Mr. Willis to Mr. Gresham.
Honolulu, Hawaiian Islands, March 24, 1894.
Sir: I have the honor to inform you that on the 15th instant the act “to provide for a constitutional convention” was approved and is now a law. The election for delegates has been ordered for the 2d day of May, 1894.
The convention will “consist of the President, the executive and advisory councils, and 18 delegates,” the latter to be elected by general vote. The councils, together with the President, will have a majority of 1. Of the 18 new delegates, 6 will be elected from this island (Oahu). [Page 1312]By section 4 the privilege of voting is placed within the reach of “every male resident of the Hawaiian Islands of Hawaiian, American, or European birth or descent who shall have taken the oath by this act provided.” The oath referred to is that the voter “will support and bear true allegiance to the Provisional Government of the Hawaiian Islands, and will oppose any attempt to reestablish monarchial government in any form in the Hawaiian Islands.” The oath at first contained a clause renouncing allegiance to Liliuokalani, but this was afterwards stricken out.

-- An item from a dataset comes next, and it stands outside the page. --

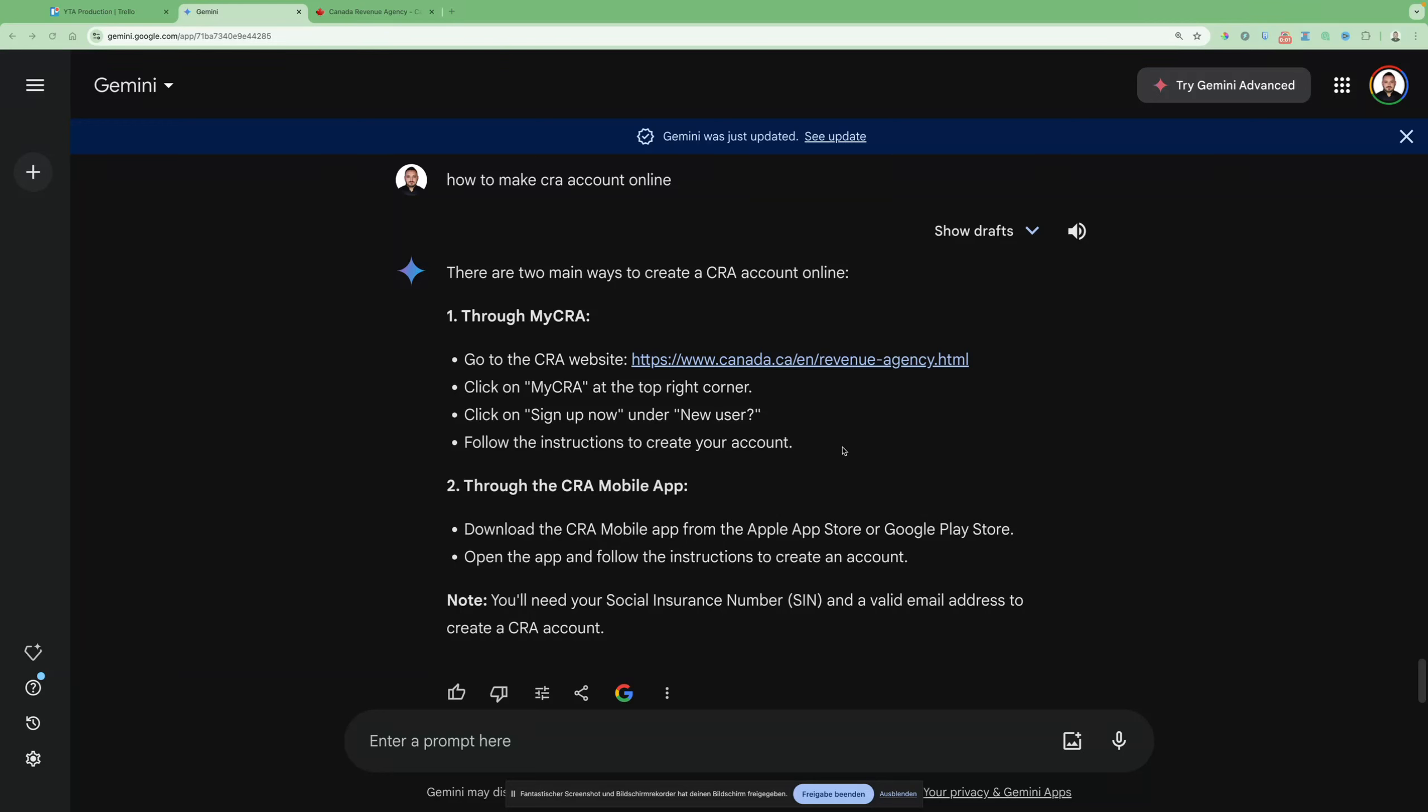You're wondering how to make a CRA account online? Just follow this guide step by step. First, you have to go to the CRA website like here. You can click this link in the description below.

Section 5 provides for minority representation. It is earnestly hoped by the Provisional Government that the Hawaiians will participate in this election.
Out of the two political clubs known as the “American League” and “Union Party,” a new organization, the “American Union Party,” has been organized, whose leading principles are “the accomplishment of a political union with the United States of America and the maintenance of a stable and honest government.”
The political situation at present seems to be peaceful.